Je pense que mes romans contiennent des éléments politiques et sociaux, mais ils s’élaborent à partir de la vie des personnages sur lesquels j’écris, des gens qui se battent pour survivre à tous les niveaux – physiquement, émotionnellement, psychologiquement et économiquement – le plus souvent sans que j’aie la moindre idée de la façon dont ils vont essayer de le faire. Les familles et l’environnement qui les ont vu naître par le fait du hasard, les maintiennent dans l’échec. Mais je commence toujours quand ‘je vois’ un personnage dans un endroit particulier, en train de gérer une situation conflictuelle, ou quand je l’entends parler, et je suis toujours curieux de savoir ce qu’il va faire par la suite. C’est à travers leurs histoires humaines que le politique et le social se révèlent.

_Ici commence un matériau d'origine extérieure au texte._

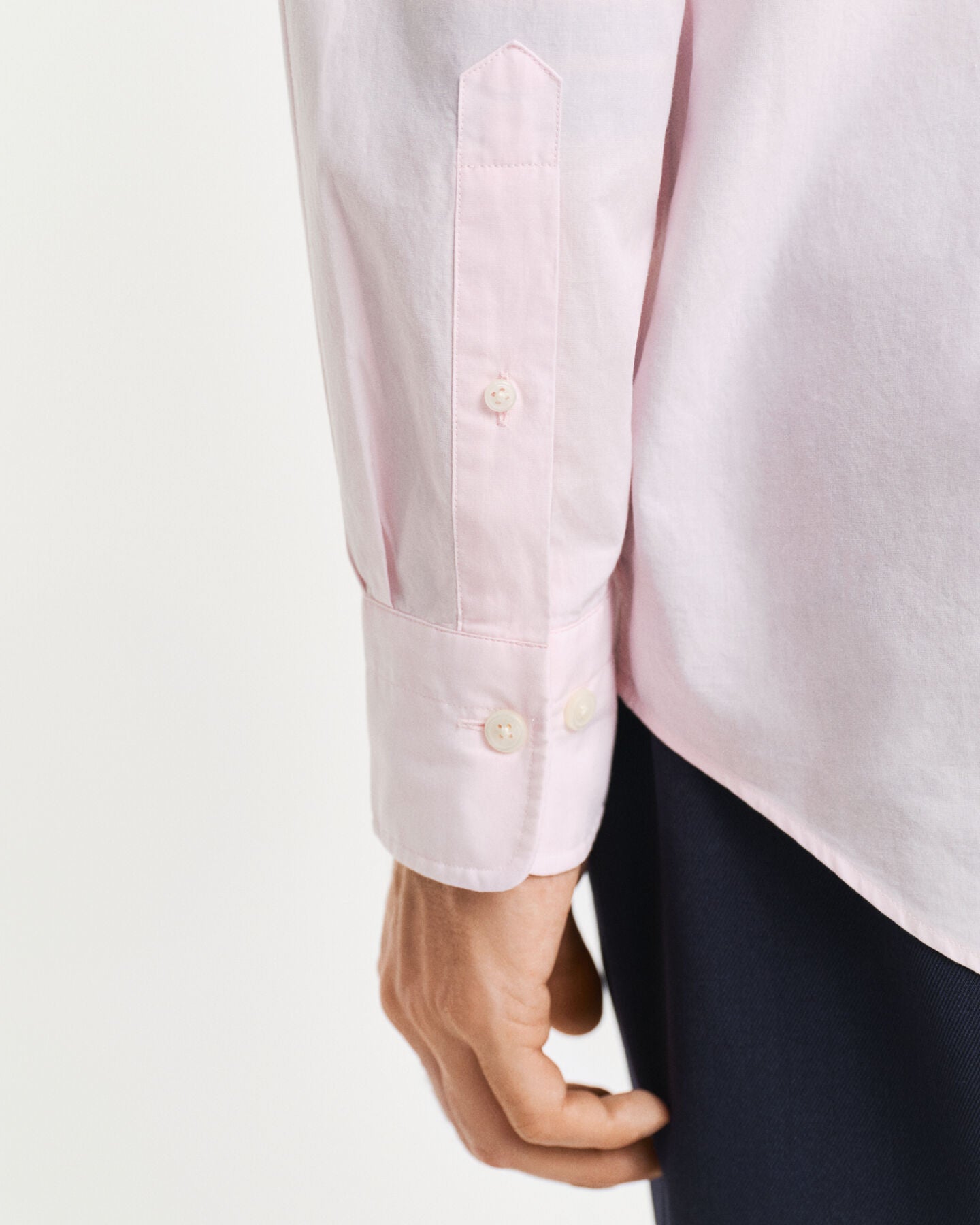Gant Regular Fit Classic Poplin Shirt - Light Pink time__1733739024__202501-3000100-662-crmodel-fv-2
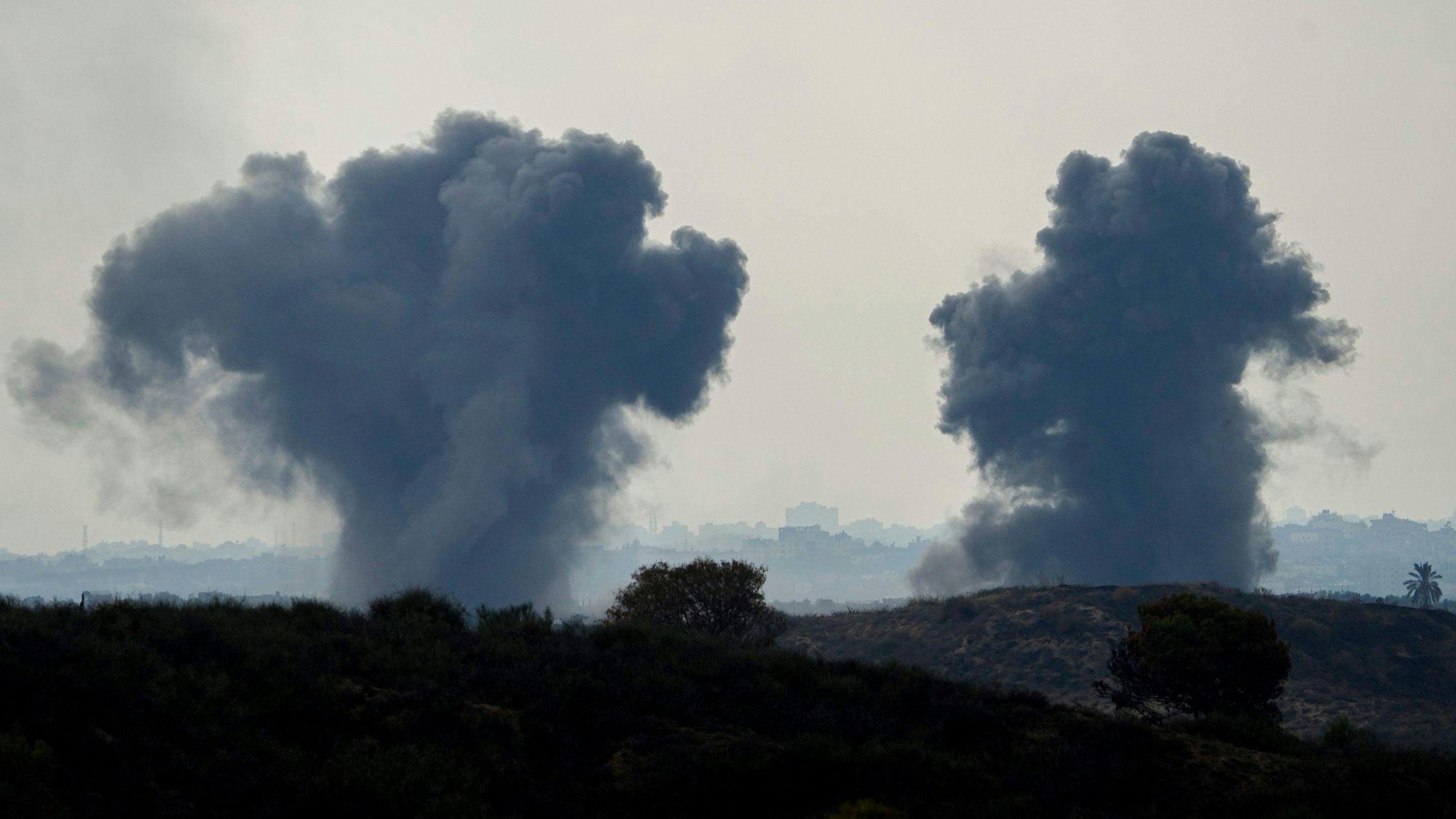Rauch steigt am 16. Oktober nach einem israelischen Luftangriff im Gazastreifen auf. Nachdem dem blutigen Angriff von Hamas-Terroristen hat Israel Ziele im gesamten Gazastreifen angegriffen.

L’action de Dandy et Vulnérables se déroulait à la fin des 80’s, à l’époque où Reagan prônait un capitalisme débridé. Penses-tu, ainsi que Larry Fondation l’a écrit dans la préface française de Dandy, que la pauvreté et les inégalités ont augmenté, que tout est devenu encore pire depuis ? Penses-tu que Biden fera un meilleur président pour les pauvres que Trump ?
Je suis absolument certain que tout a empiré dans ce pays. Je ne vois rien qui ait pu s’améliorer. Trump a été un désastre. Mais Biden n’a pas l’air de piger grand chose. Il suffit de constater son fiasco quant à la question de l’immigration. Des centaines de milliers de réfugiés cachés dans des entrepôts, entassés épaules contre épaules, dormant dans ce qui ressemble à des cellules. Des milliers d’Haïtiens déportés vers un pays où ils subissent des violences physiques et économiques. Des enfants abusés sexuellement dans des centres de rétention. On empêche la presse d’accéder à ces installations, pour témoigner de ce qu’il se passe à l’intérieur, on lui refuse le droit de parler à des réfugiés. Durant toute la crise du covid, les gens des quartiers défavorisés ont été laissés de côté – sans leur accorder la possibilité de se tester ou de se faire vacciner, sans assistance médicale suffisante – alors que dans le même temps, les besoins des entreprises et de la population blanche de la classe moyenne supérieure ont été couverts. Alors, non, j’ai peu d’espoir que ça s’améliore, maintenant ou dans le futur, franchement. Pire, la vraie tragédie potentielle est celle-ci : Plus Biden lutte, plus la possibilité que Trump soit réélu est tangible. L’échec d’un camp conduit toujours au succès de l’autre camp, parce qu’aux Etats-Unis on est incapables de ‘penser’ autrement que de façon simpliste, binaire.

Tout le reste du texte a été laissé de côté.